The Public Protection Classification (PPC) program, is a tool developed by the Insurance Services Office (ISO) for property and casualty insurers to properly assess their risk by rating fire protection services throughout the United States.

==Class determination==
ISO collects data for more than 47,000 communities and fire districts throughout the country. The data is then analyzed using a proprietary Fire Suppression Rating Schedule (FSRS). The Schedule then assigns a PPC score between 1 and 10 to the department, with Class 1 representing "superior property fire protection" and Class 10 indicating that an area doesn't meet the minimum criteria set by the ISO. On July 1, 2013, the revised FSRS was released, adding an emphasis on a community's effort to limit loss before an incident occurs.

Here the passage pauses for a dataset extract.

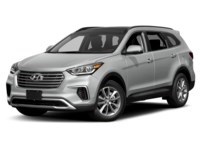 2017 Hyundai Santa Fe XL Premium (A6)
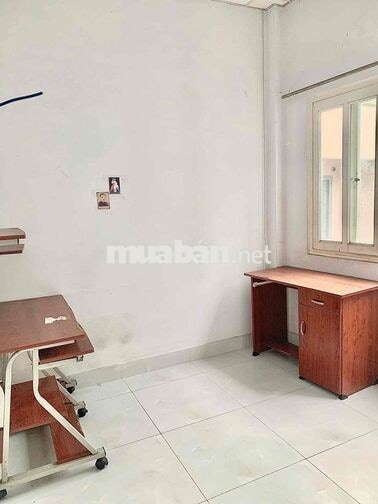 CHO THUÊ NHÀ BÔNG SAO 2 PN 50m2 HĐ LÂU DÀI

In developing a PPC, the following major categories are evaluated:

- Emergency Communications: Fire alarm and communication systems, including telephone systems, telephone lines, staffing and dispatching systems.
- Fire Department: The fire department, including equipment, staffing, training and geographic distraction of fire companies.
- Water Supply: The water supply system, including the condition and maintenance of hydrants and the amount of available water compared with the amount need to suppress fires.

Added 2013 criteria:

- Fire Prevention: programs that contain plan review; certificate of occupancy inspections; compliance follow-up; inspection of fire protection equipment; and fire prevention regulations related to fire lanes on area roads, hazardous material routes, fireworks, barbecue grills, and wildland–urban interface areas.
- Public Fire Safety Education Programs: fire safety education training and programs for schools, private homes and buildings with large loss potential or hazardous conditions and a juvenile fire setter intervention program.

==Minimum requirements==

To receive a PPC, a fire department must meet minimum infrastructure, staffing and equipment requirements. If a department doesn't meet at least one of the following requirements, then they are assigned a Class 10 rating.

===Organization===
- Formal fire department organized under state or local laws.
- Must have one person responsible for the operation of the department (example: Chief).
- Service area must have definite boundaries.
- For departments that service multiple communities, a written contract must be present.

===Membership===
- The department must respond at least four firefighters to structure fires. The chief may account for one of those required positions.

===Training===
- The department must conduct at least two hours of training every two months for active firefighters.

===Alarm notification===
- There must be no delay in receiving alarms and dispatching firefighters/apparatus.

===Housing===
- Apparatus must have adequate housing, as to protect it from weather.